Stored data

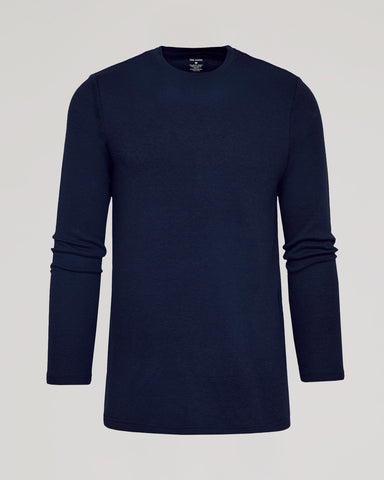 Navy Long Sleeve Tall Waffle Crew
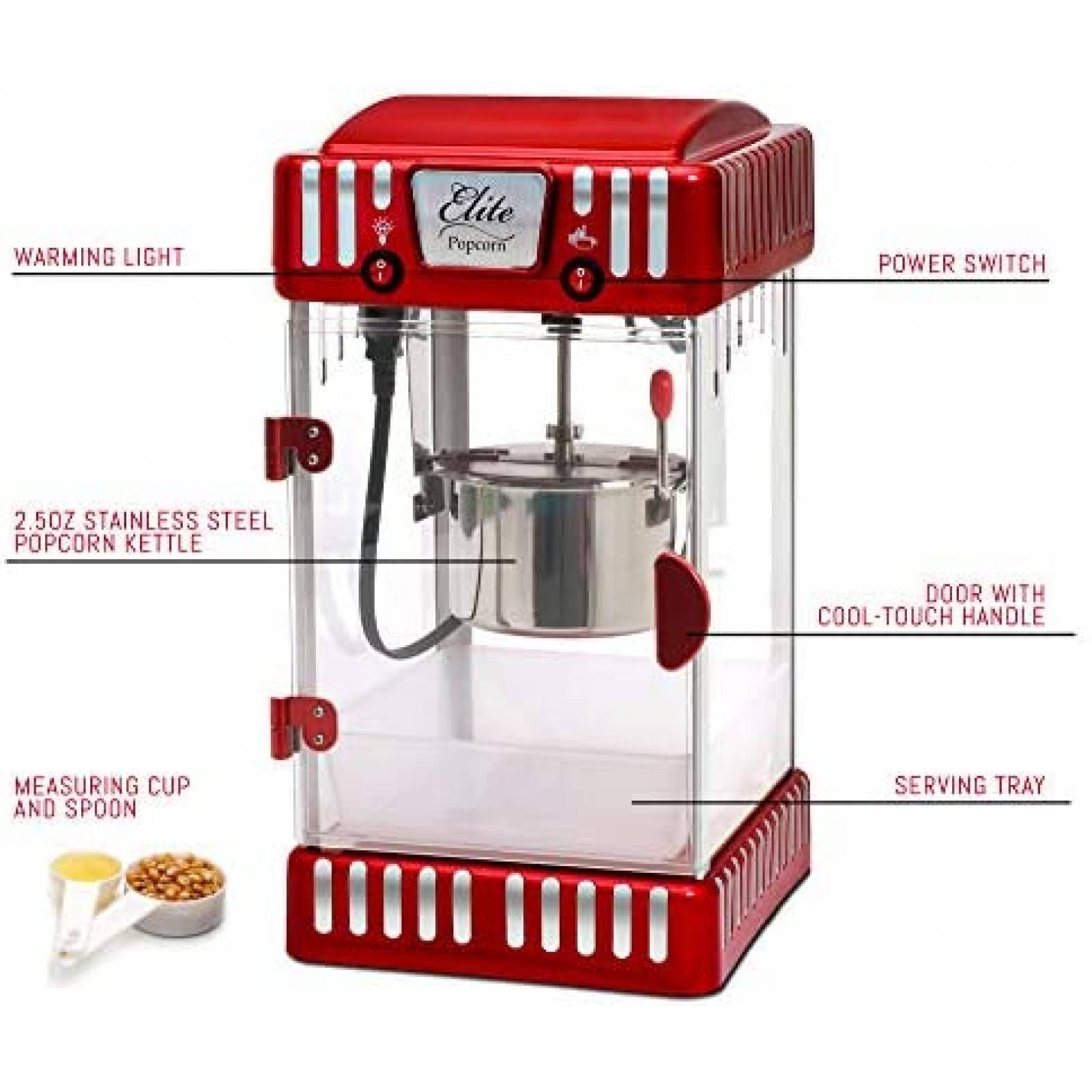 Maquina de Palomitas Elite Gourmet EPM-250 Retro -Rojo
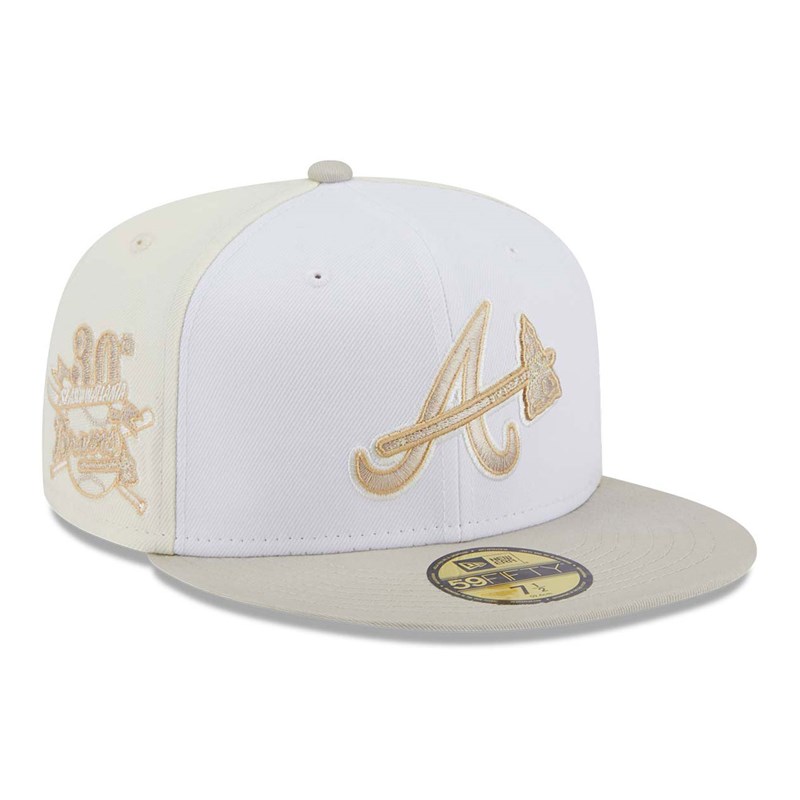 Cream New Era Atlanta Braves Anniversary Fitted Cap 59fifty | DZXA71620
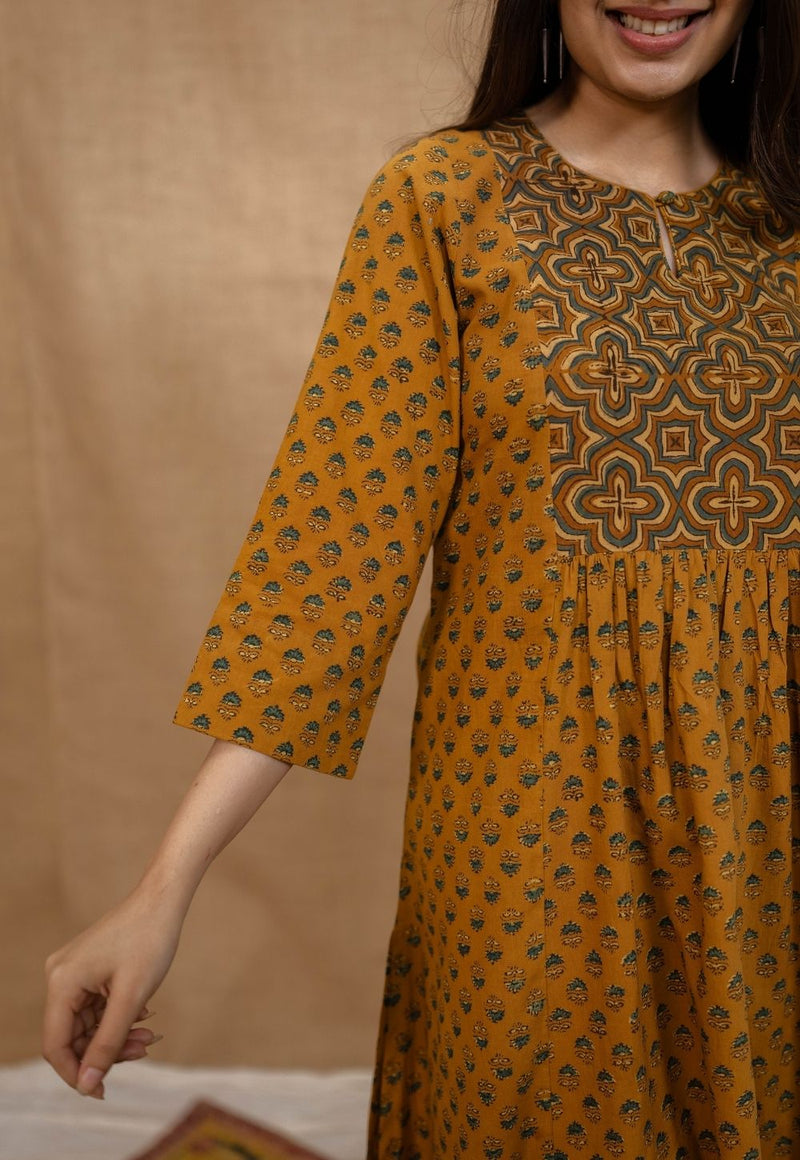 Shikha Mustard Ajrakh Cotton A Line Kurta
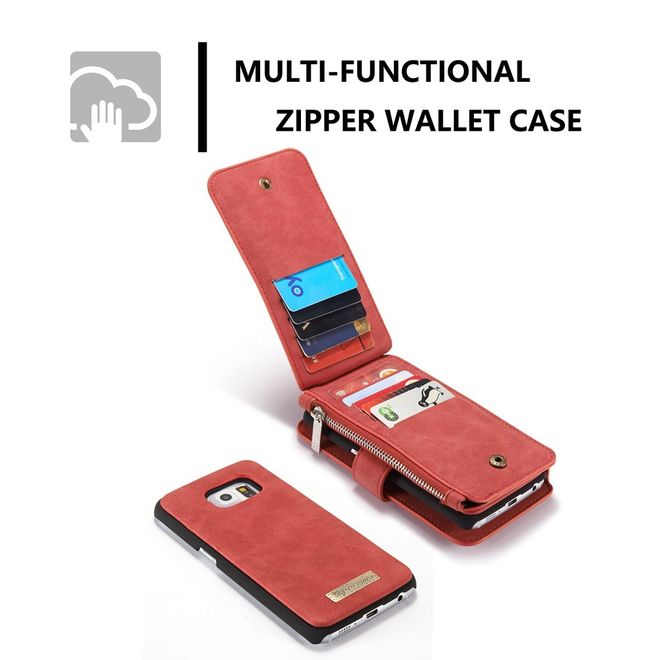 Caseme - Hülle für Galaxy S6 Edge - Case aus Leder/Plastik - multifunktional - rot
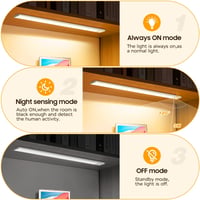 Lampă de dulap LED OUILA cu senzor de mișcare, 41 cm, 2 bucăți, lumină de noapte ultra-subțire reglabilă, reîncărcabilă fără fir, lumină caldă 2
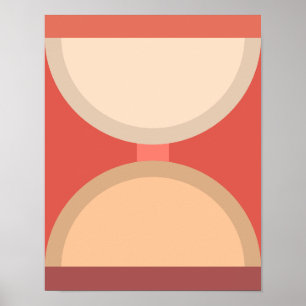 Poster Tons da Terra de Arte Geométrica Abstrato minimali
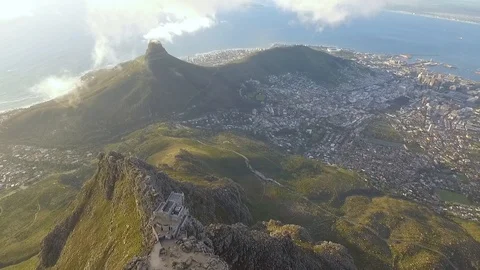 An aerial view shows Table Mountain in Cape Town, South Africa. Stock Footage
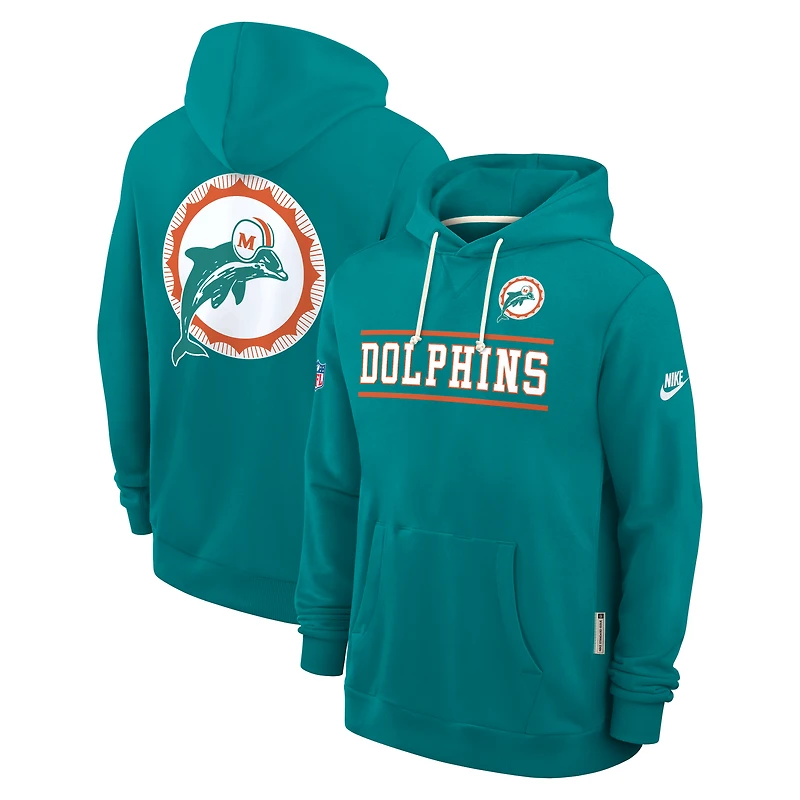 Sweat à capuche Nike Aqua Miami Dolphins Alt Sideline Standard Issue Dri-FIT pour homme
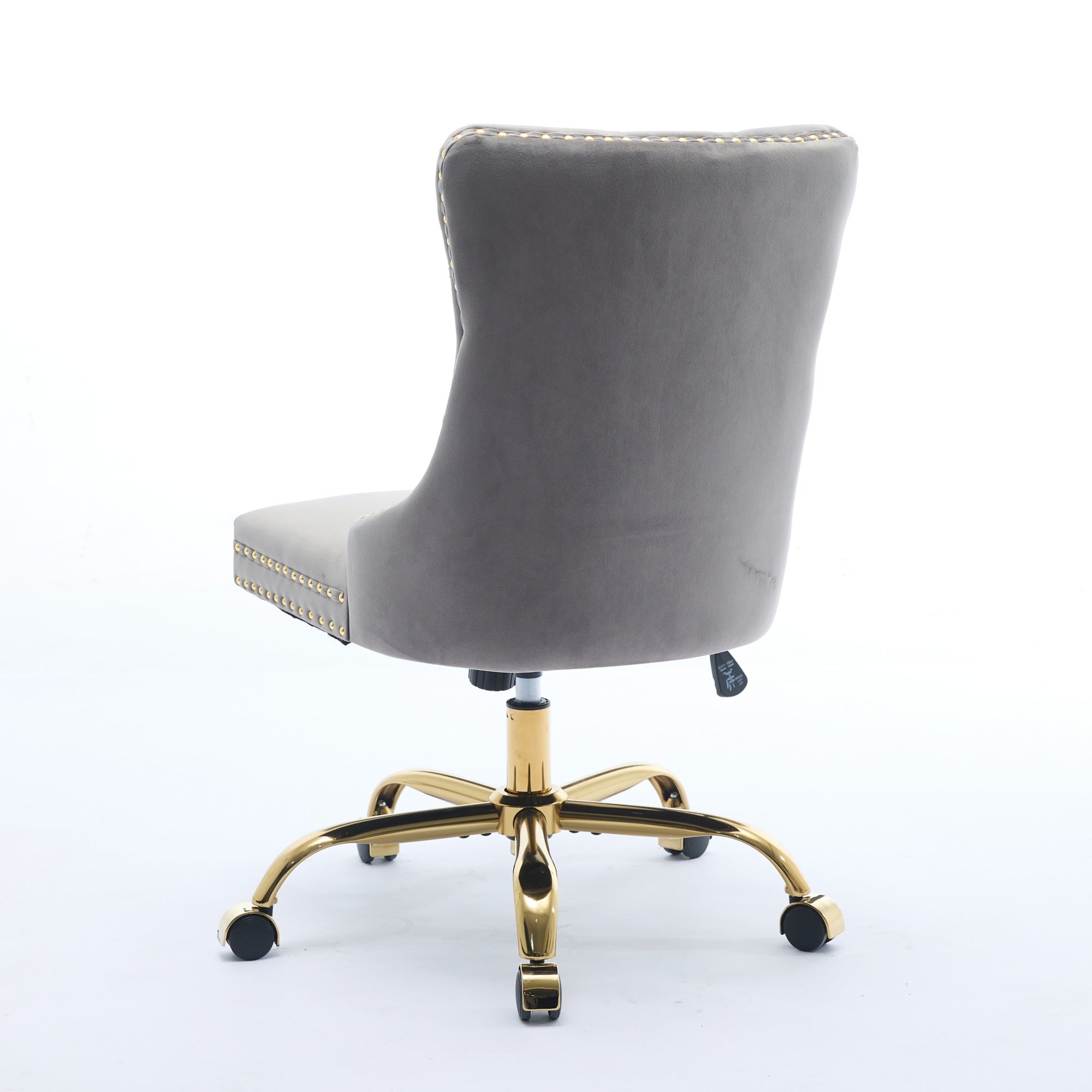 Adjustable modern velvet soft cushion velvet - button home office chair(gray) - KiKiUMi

Problem to work on
The listing above should be repeated word for word, pictures removed.

Output
 Navy Long Sleeve Tall Waffle Crew
 Maquina de Palomitas Elite Gourmet EPM-250 Retro -Rojo
 Cream New Era Atlanta Braves Anniversary Fitted Cap 59fifty | DZXA71620
 Shikha Mustard Ajrakh Cotton A Line Kurta
 Caseme - Hülle für Galaxy S6 Edge - Case aus Leder/Plastik - multifunktional - rot
 Lampă de dulap LED OUILA cu senzor de mișcare, 41 cm, 2 bucăți, lumină de noapte ultra-subțire reglabilă, reîncărcabilă fără fir, lumină caldă 2
 Poster Tons da Terra de Arte Geométrica Abstrato minimali
 An aerial view shows Table Mountain in Cape Town, South Africa. Stock Footage
 Sweat à capuche Nike Aqua Miami Dolphins Alt Sideline Standard Issue Dri-FIT pour homme
 Adjustable modern velvet soft cushion velvet - button home office chair(gray) - KiKiUMi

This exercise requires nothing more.